Ist es verwunderlich, daß der Kapitalismus nach jahrzehntelanger Propaganda von Gewerkschaftsführern, Sozialdemokraten und Konservativen als das Ende der Geschichte erscheint, als ein Hort der Glückseeligkeit?

Schlimmer geht’s immer!

Doch zurück zu Stephan Detjen: „Nach diesem Verhaltensmuster hat die IG-Metall aus dem Munde ihres Berlin-Brandenburgischen Landesvorsitzenden «mehr Lebensqualität» zum Streikziel in der ostdeutschen Metallindustrie erklärt. … Wir dürfen gespannt sein, wofür die IG-Metall ihre Mitglieder als nächstes zur Arbeitsniederlegung aufruft, wenn die nach dem Vernichtungskampf dieser Tage in den Trümmern der ostdeutschen Metallindustrie verbliebenen Arbeitnehmer nur 35 Stunden zu arbeiten brauchen. Sollten die Gewerkschaften dann zu der durchaus realistischen Einschätzung gelangen, dass sich die Lebensqualität ihrer Mitglieder noch weiter erhöhen ließe, können wir uns wahrscheinlich auf Streiks für besseres Wetter und dickere Grillwürste gefasst machen. …

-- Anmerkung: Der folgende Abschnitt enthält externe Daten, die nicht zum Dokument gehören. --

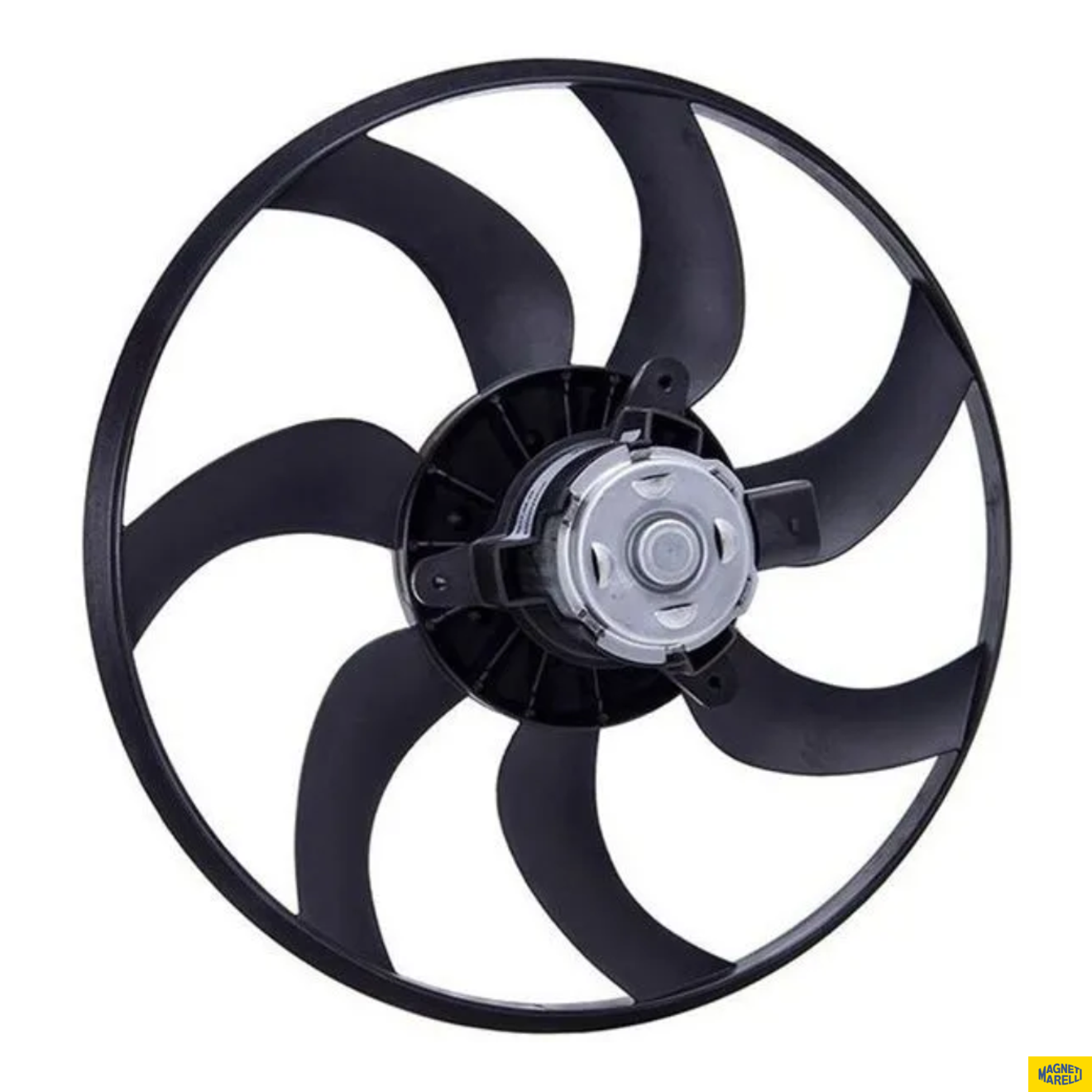 Eletroventilador - Magneti Marelli - EMM2057FT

Wie viel Lebensqualität ein Arbeitnehmer gewinnt, …, wird sich selbst mit einer verquast-kollektivistischen Gewerkschaftsrhetorik nicht erfassen lassen. Um so klarer bezifferbar aber werden die volkswirtschaftlichen Schäden sein, die dieser Streik in ganz Deutschland anrichtet. … In zynischer Offenheit lassen die Gewerkschaften keinen Zweifel daran zu, dass sich ihr Streik genau gegen das richtet, was die Menschen in den östlichen Ländern am bittersten benötigen: Es ist ein Kampf gegen die Arbeit und die damit verbundenen Chancen, das Leben in die eigene Hand zu nehmen. Diese Lebensmöglichkeiten schmälern die Gewerkschaften im Augenblick vor allem für diejenigen, die überhaupt keine Arbeit haben.“

Detjen erweist sich als ein legitimer Nachfolger des von Müller zitierten Professor Dellbrück.

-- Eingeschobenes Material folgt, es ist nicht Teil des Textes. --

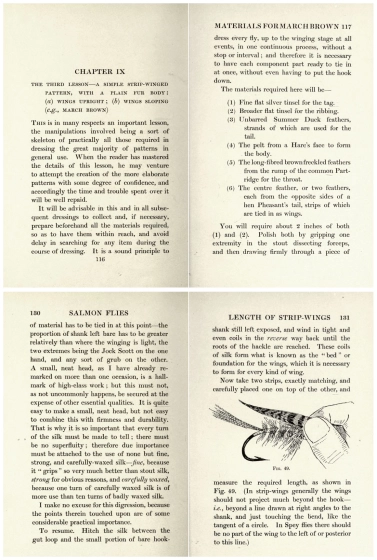 From Pryce-Tannatt From Pryce-Tannatt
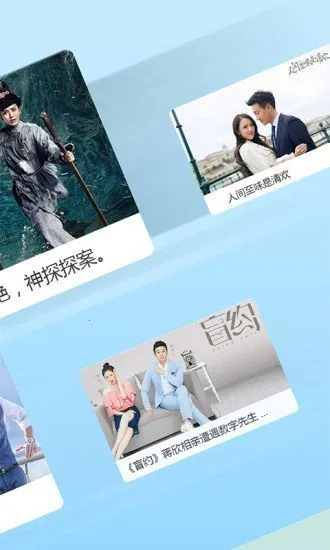 ����Ӱ��(Ӱ�Ӳ���Ӧ��)v4.5 ��Ѱ�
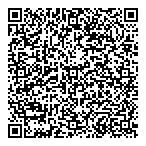 Entrainement Personnalise QR Card Entrainement Personnalise QR Card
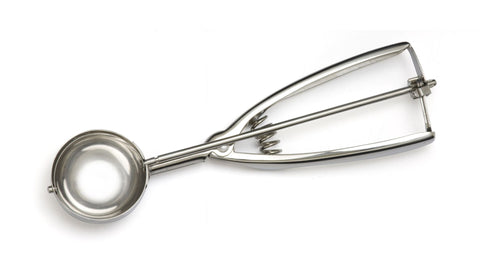 Mechanical Ice Cream Scoop - 5cm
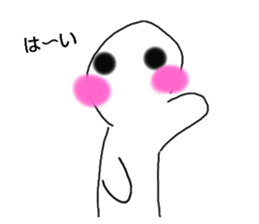 770760989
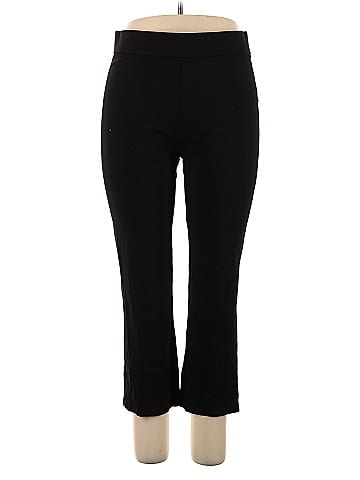 Jones & Co Active Pants (view 1)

Wie Müller richtig bemerkt, liegt eine Funktion der Gewerkschaften darin, „Arbeitern innerhalb der kapitalistischen Wirtschaft eine erträgliche Existenz zu schaffen“. Wir leben in der Zeit von Hartz und Agenda 2010 und selbst Konservative wie die der Financial Times Deutschland stellen fest, das einige Maßnahmen des Staates nichts sind, als versteckte Lohnkürzungen. Die Zersplitterung der Lohnabhängigen ist blankes Geld für die Kapitalbesitzer, da die Arbeitskraft billiger zu haben ist. Die Angst vor der Konkurrenz in Osteuropa und Deutschland selbst, führt dazu, das immer mehr Arbeiter/innen und Angestellte dazu bereit sind, ihre Haut für immer weniger zu verkaufen. Es kommt noch schlimmer. Derzeit leidet des weltweite Kapital wieder unter einer Krise. Die produzierten Waren lassen sich nicht mehr absetzen. Immer weniger Arbeiter/innen produzieren immer mehr Waren. Das Verhältnis von „toter Arbeit“, also von Gebäuden, Maschinerie etc., die zur Ausbeutung der Arbeitkraft notwendig sind, zur „lebendigen Arbeit“, also zur Arbeitskraft, zum „Humankapital“ neigt sich immer mehr zur „toten Arbeit“. Damit die Wirtschaft wieder in Schwung kommen kann, ist es notwendig ein Teil des derzeit vorhanden Kapitals einzustampfen. Dies betrifft nicht nur das virtuelle Kapital, also die handelbaren Anrechtsscheine auf Ausbeutung, wie z.B. Aktien, sondern auch die Maschinerie und das „Humankapital“. Dies bedeutet schlicht, das die Anzahl der „erträglichen“ Arbeitsplätze und der Preis der Arbeitskraft – der Lohn – weiter sinken werden.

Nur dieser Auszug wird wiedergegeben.